Contoh sengketa PERDAGANGAN internasional

Jakarta, CNBC Indonesia - Kementerian Perdagangan (Kemendag) melakukan banding di World Trade Organization (WTO) terhadap kekalahan Indonesia dalam gugatan Brasil soal kebijakan importasi daging ayam ke dalam negeri. Pemerintah Indonesia yakin kebijakan ini tidak melanggar ketentuan dari WTO.

Direktur Jenderal Perundingan Perdagangan Internasional (PPI) Kementerian Perdagangan Djatmiko Bris Witjaksono, menjelaskan ada dua sengketa lagi yang sedang dibahas pada proses banding di WTO dengan pihak Brasil, Pertama, mengenai proses pengeluaran sertifikat kesehatan dan sertifikasi halal.

"Kita beranggapan Indonesia tidak melanggar atau konsisten dengan ketentuan WTO, termasuk ketentuan proses penerbitan kesehatan badan internasional lainnya, jadi kita tidak menerapkan kebijakan ini untuk tujuan menghambat impor ayam," jelasnya dalam Konferensi Pers Virtual, Senin (31/5/2021).
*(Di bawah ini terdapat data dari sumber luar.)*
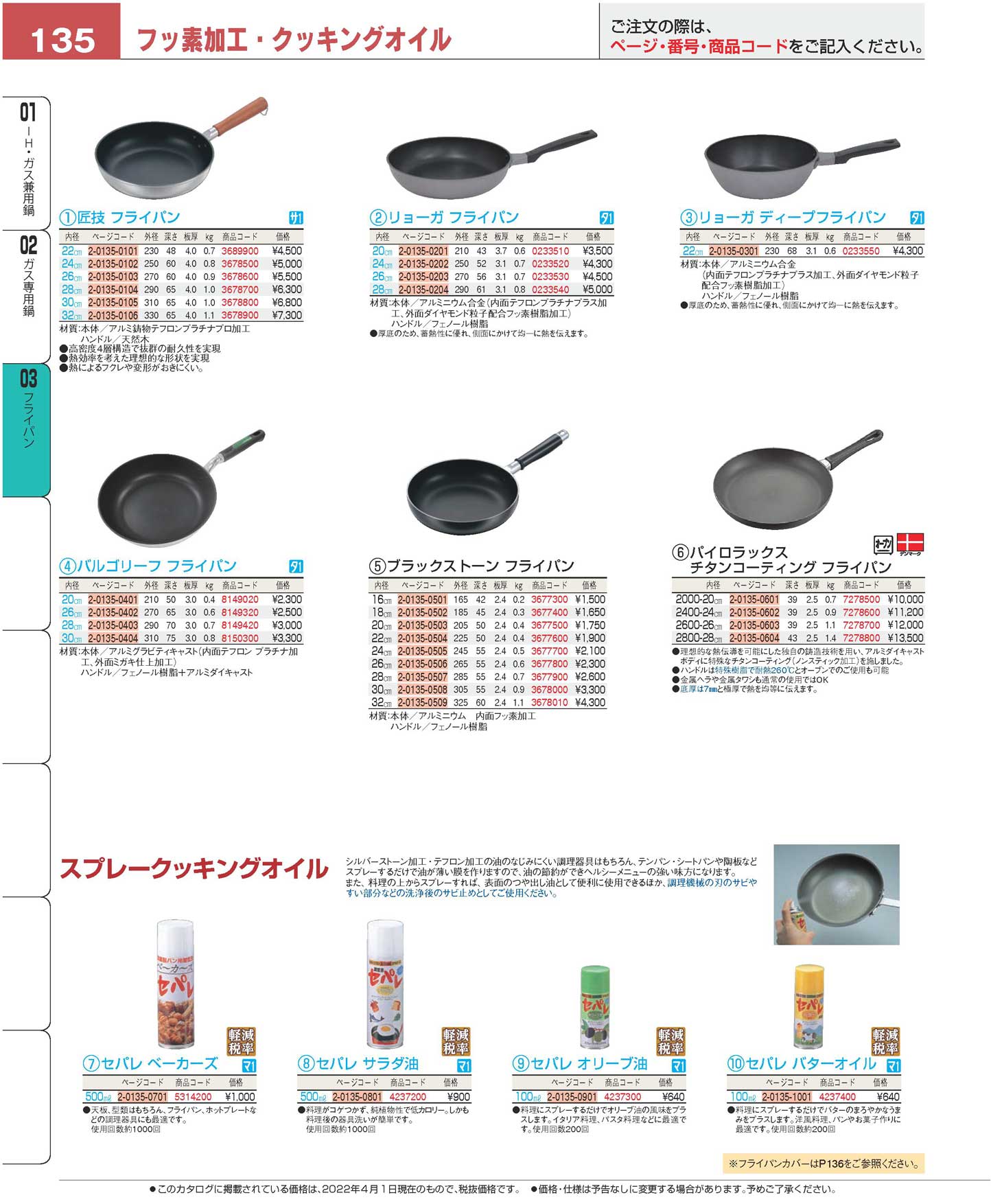 リョーガ フライパン ２０cm(130)（商品番号2-0135-0201）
Ia beralasan pertimbangan pemerintah mengeluarkan sertifikasi kesehatan harus memastikan sumber produk unggas itu memenuhi ketentuan internasional dan Indonesia. Pemerintah yakin kebijakan penerapan sertifikat kesehatan sudah sejalan dengan ketentuan WTO.

"Ini juga sejalan dengan ketentuan perjanjian SPS (sanitary and phytosanitary) hewan yang juga secara umum ditetapkan lembaga internasional lainnya," jelasnya.
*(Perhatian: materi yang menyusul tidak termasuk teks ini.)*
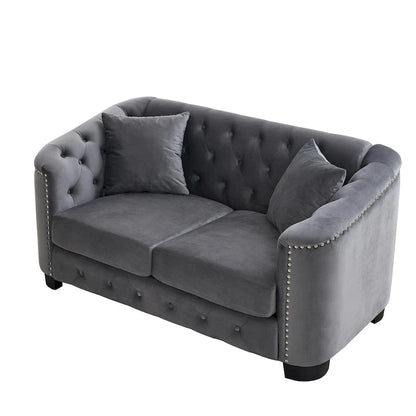 59-Inch Modern Chesterfield Velvet Sofa, 2-Seater Sofa, Upholstered Tufted Backrests with Nailhead Arms and 2 Cushions for Livin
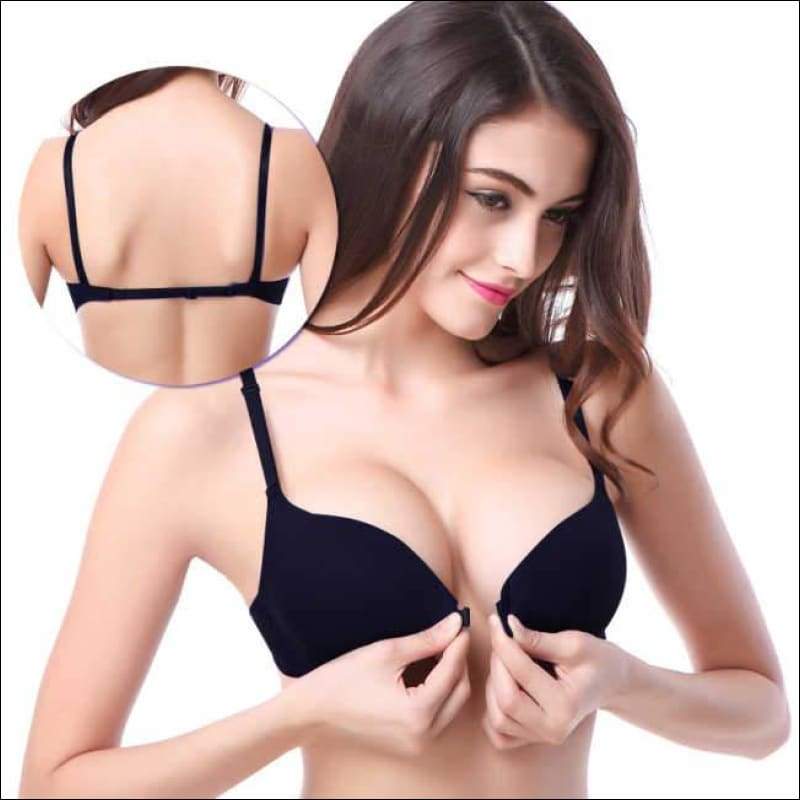 Closure Underwire Push-Up Bra Seamless Sexy Front - 70A /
SPS adalah bagian dari kesepakatan dagang Internasional WTO yang berkaitan dengan kesehatan.

Kedua, terkait dengan tuduhan penggunaan pembatasan produk impor. Djatmiko mengatakan pihaknya tidak menerapkan kebijakan pembatasan produk impor, dalam konteks yang digugat oleh Brasil.
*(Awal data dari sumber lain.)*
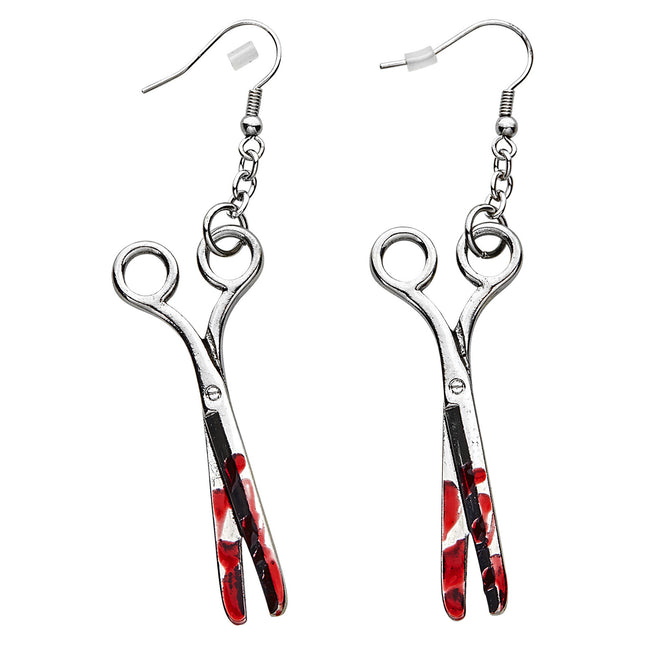 Boucles d'oreilles Halloween Ciseaux avec du sang
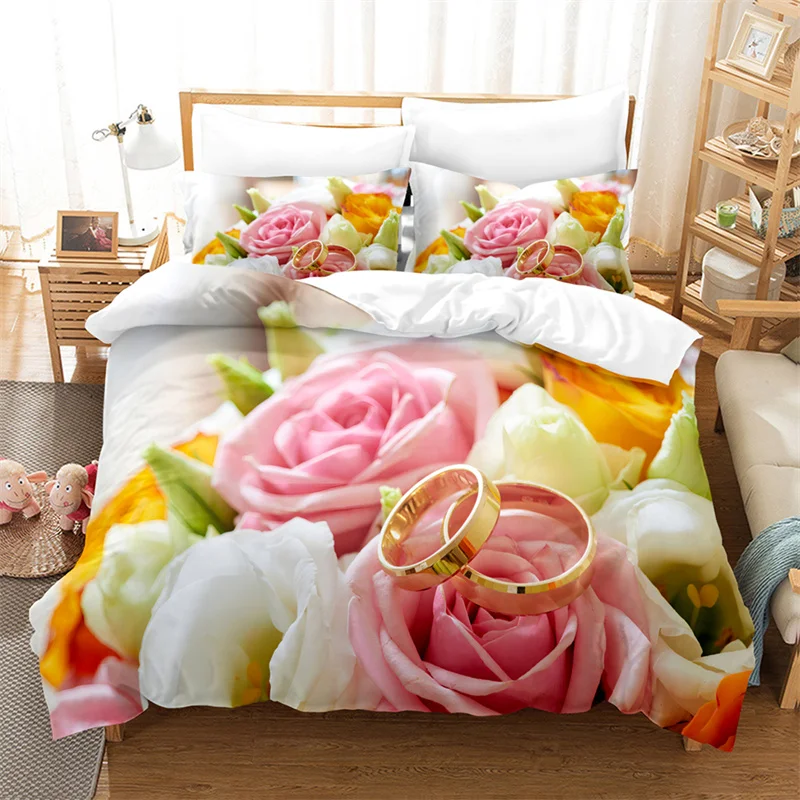 Luxury Rose Queen Bedding Set Duvet Cover Set Bedding Comforter Bedding Sets Bed Linen King Size Duvet Cover Bedding Set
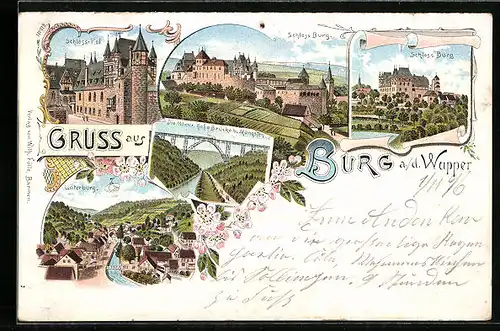 Lithographie Burg a. d. Wupper, Unterburg, Schloss Burg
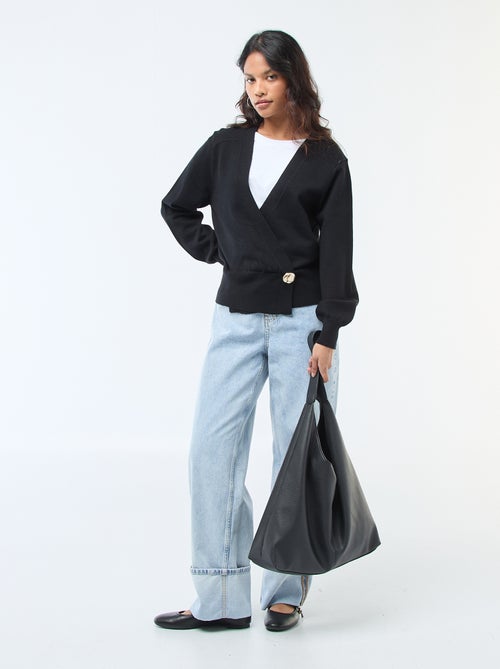 Casaco cache-cœur com botão dourado - Kiabi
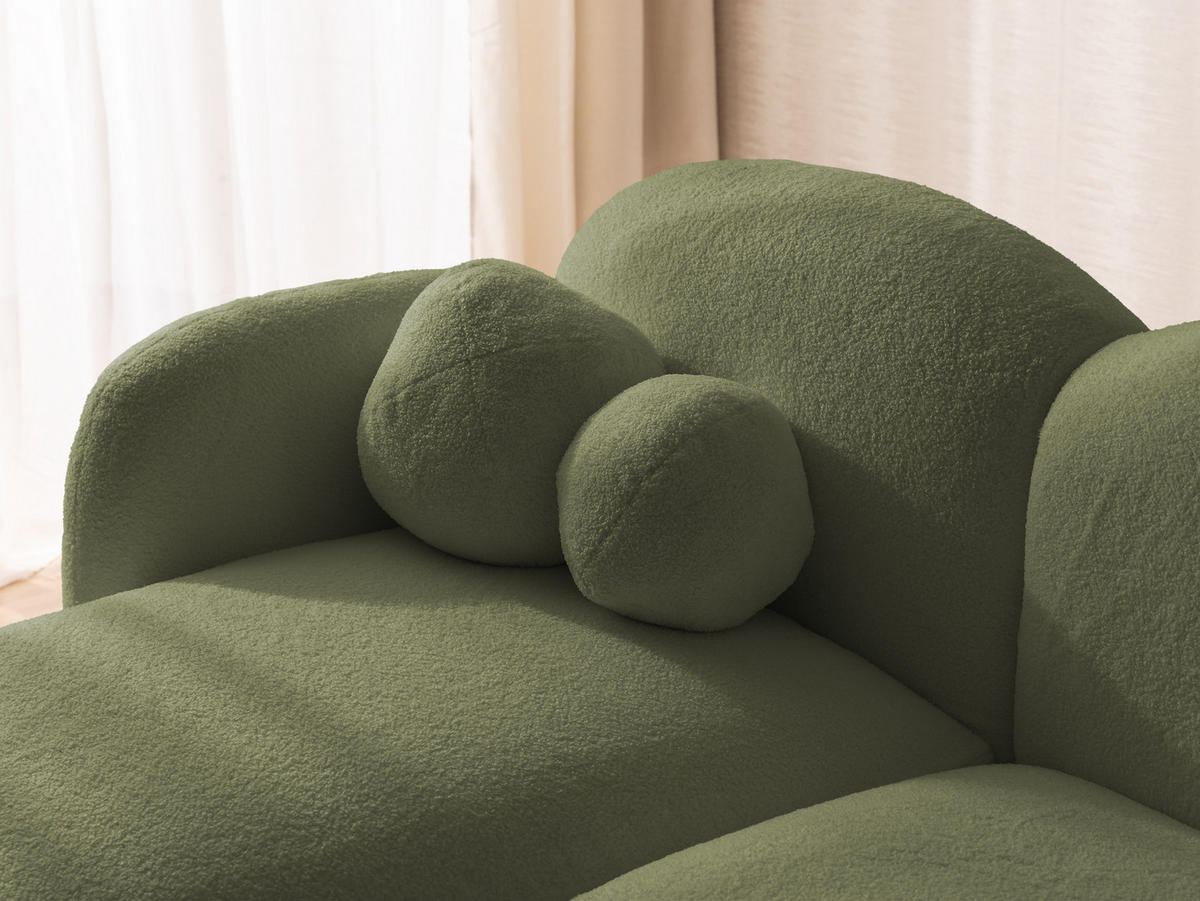 ECKSOFA Nuvola mit abgerundetem Design Grün Bouclé-Stoff - Ottomane Links - Schwarz/Grün, Holz/Kunststoff (190/146cm) - S-Style Möbel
"Kita yakin Permendag itu tidak bertentangan atau bertujuan membatasi produk impor, karena sebagaimana diketahui kalau memang menerapkan kebijakan ini berdasarkan assessment produk yang sesuai dengan prasyarat yang ditetapkan," jelasnya.

Dari panel sengketa DS 484 yang diperkarakan oleh Brasil di WTO ini, menyatakan ada empat kebijakan Indonesia yang dianggap melanggar aturan WTO. yaitu, positive list, fixed licence term, intended use dan undue delay.

Proses kasus ini memang sudah berlarut-larut. Djatmiko menjelaskan sengketa ini terjadi sejak akhir 2014 hingga saat ini. Proses itu masuk pada tahap panel kepatuhan pada 2016 - 2018.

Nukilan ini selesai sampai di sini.